Corps Commanding General Retires
The 53rd Chief of Engineers and Commanding General of the U.S. Army Corps of Engieers, Lt. Gen. Thomas P. Bostick retired on May 19.
The 53rd Chief of Engineers and Commanding General of the U.S. Army Corps of Engineers, Lt. Gen. Thomas P. Bostick, retired from military service at an Armed Forces Full Honors Change of Command and Retirement Ceremony on May 19 at on Summerall Field, Joint Base Myer-Henderson Hall, Virginia.
Bostick became the 53rd Chief of Engineers on May 22, 2012. The Chief of Engineers is the principal adviser to the Chief of Staff of the Army (CSA) on civil and military engineering, geospatial sciences, water resources, real property and environmental sciences. During his tenure, Bostick served as the senior military officer overseeing most of the nation’s civil works infrastructure and military construction. As commanding general of the U.S. Army Corps of Engineers, he led more than 32,000 civilian employees and 700 military personnel who provide project management, construction sup-port and engineering expertise in more than 110 countries.
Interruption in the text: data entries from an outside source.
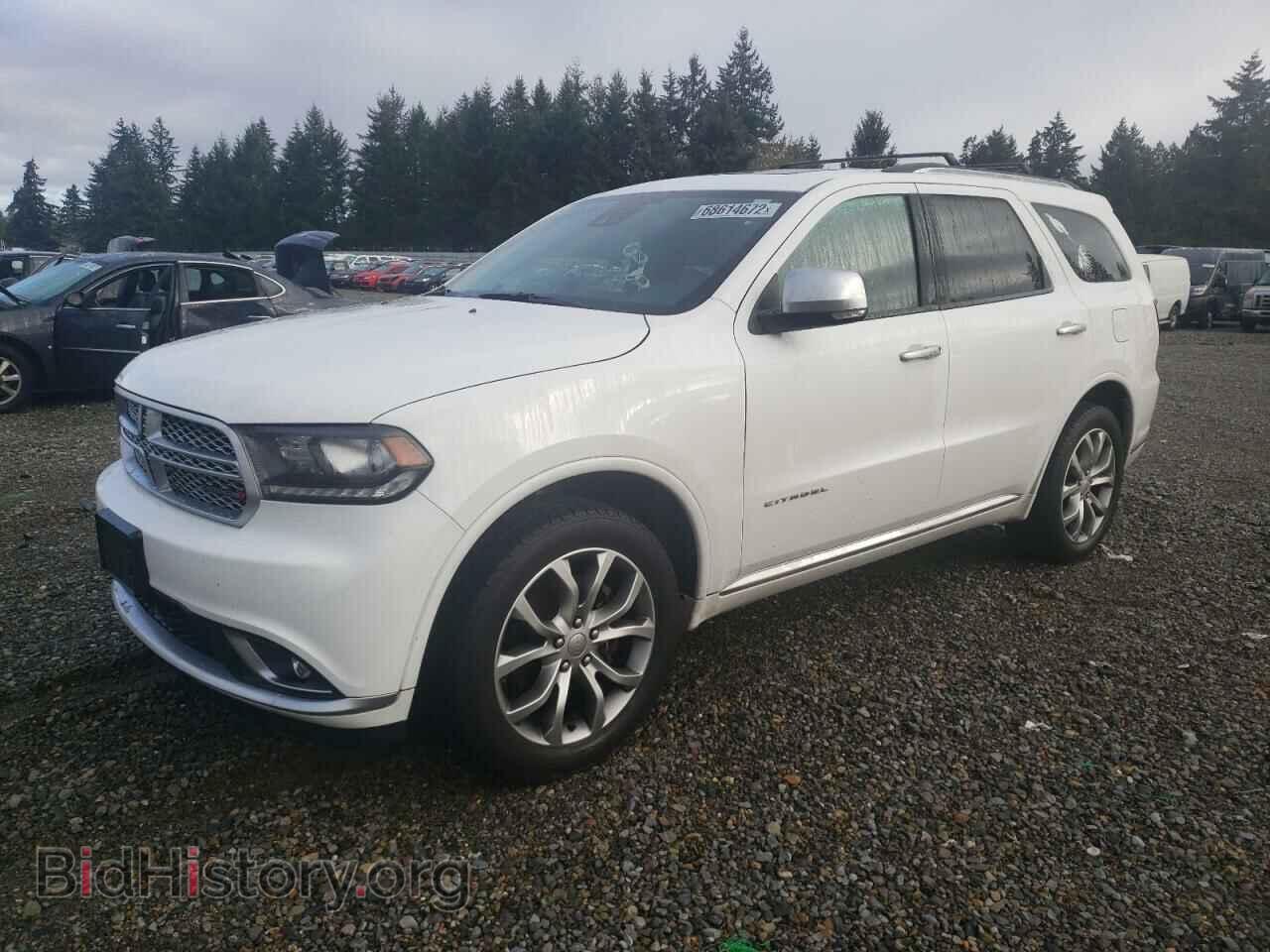 Фотография 1C4RDJEG9GC424907 - DODGE DURANGO 2016
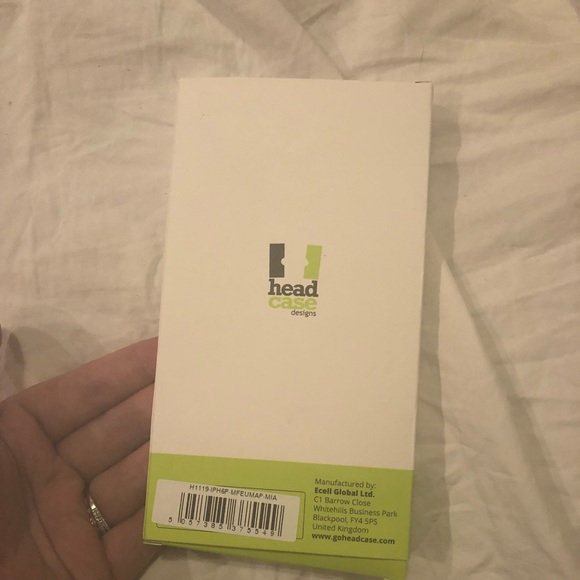 Head case Art Deco blue/purple iPhone plus case 📱 - Picture 3 of 3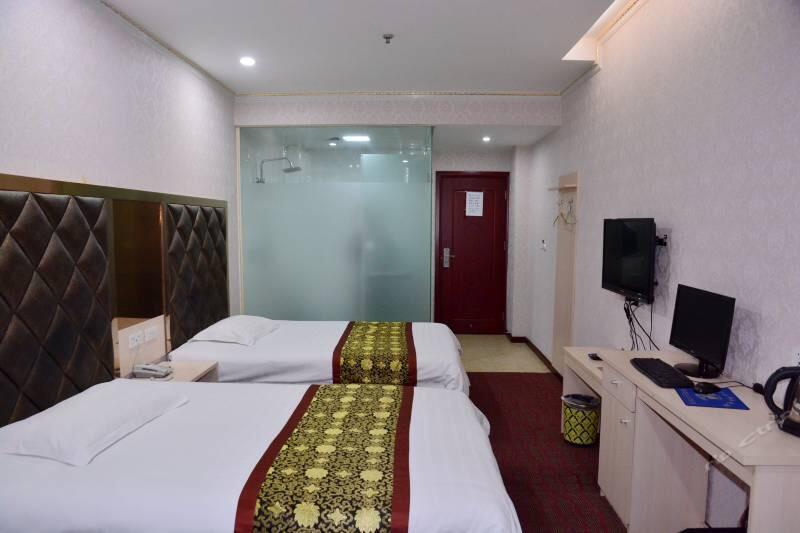 Wudangshan Jianpuzhai Hotel Danjiangkou Buitenkant foto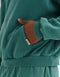 College Combed Fleece Hoodie - Teal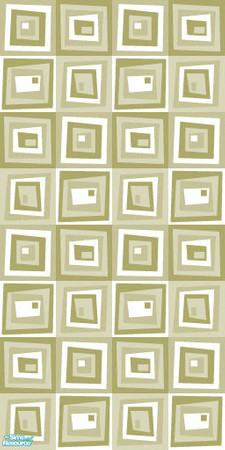 Sims 2 — Studio K RT - Khaki by StudioKhagerks — 28 colors total. Can be found under Wallpapers. Coordinates with Studio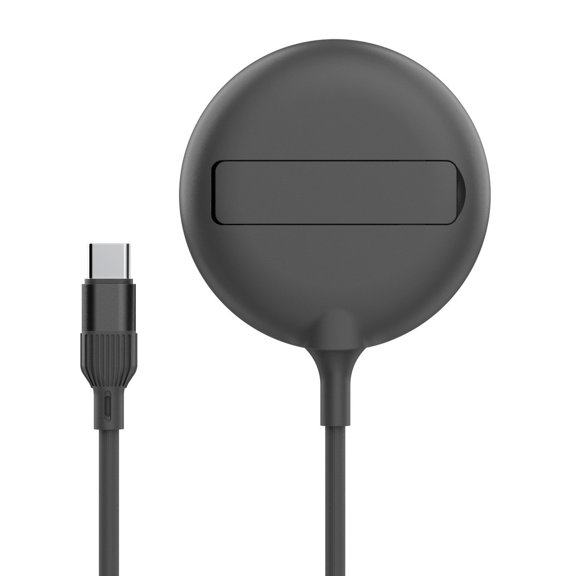 Oggfader Wireless Charger Stand Charger For 15W Mini Lightweight Magnetic Wireless Charger With Strong Magnets & Aerogel Upgraded Temperature Control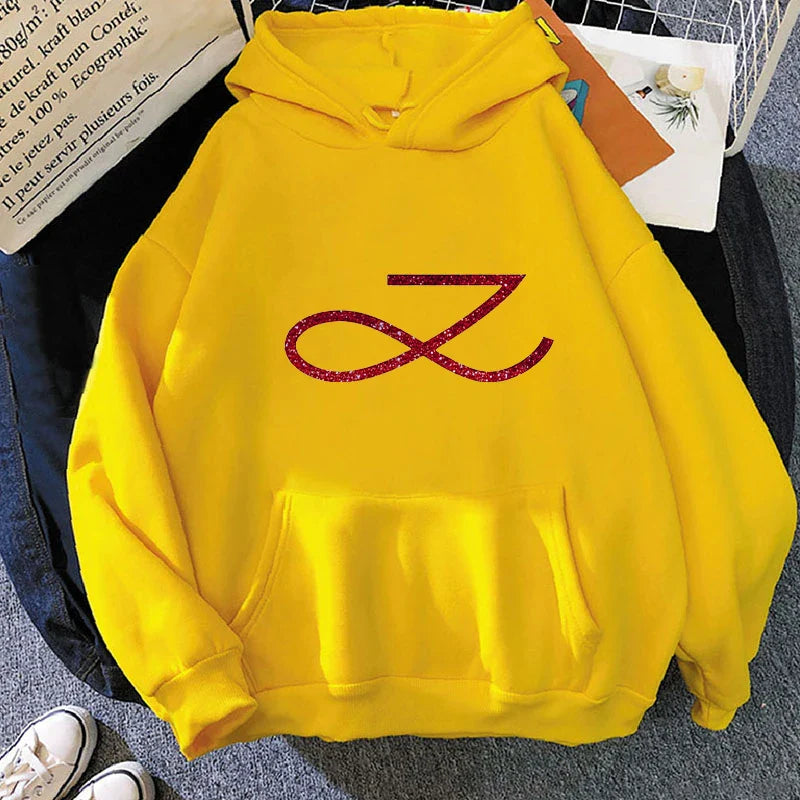 Jungkook Golden Hoodie - Unisex Harajuku Streetwear Pullover - Yellow / XS - Hoodies & Sweatshirts - Shirts & Tops - 5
Prior to his current duties, Bostick served as the Army’s deputy chief of staff, G-1, the principal adviser to the CSA on manpower, human resources and personnel readiness. There, he initiated plans to ensure the Army Corps maintains the right size to meet the needs of the nation, served on the Comprehensive Review Working Group that examined the impacts of repealing “Don’t Ask, Don’t Tell,” expanded opportunities for women and helped grow leader development programs.
Bostick is a 1978 graduate of the United States Military Academy, where he later served as Assistant Professor of Mechanical Engineering, after earning Masters of Science degrees in Civil Engineering and Mechanical Engineering from Stanford University.
Bostick served as special assistant to the Secretary of Veterans Affairs as a White House Fellow from 1989-1990. White House Fellowships offer remarkable young men and women first-hand experience working at the highest levels of federal government.
He served as deputy director of operations for the National Military Command Center, Joint Staff J-3, in the Pentagon from May 2001 to Au-gust 2002, including through the events of September 11, 2001. He later served as the assistant division commander in the 1st Cavalry Division at Fort Hood, Texas, with service during Operation Iraqi Freedom. In 2004, he became the Di-rector of Military Programs for the U.S. Army Corps of Engineers with duty as Commander, Gulf Region Division.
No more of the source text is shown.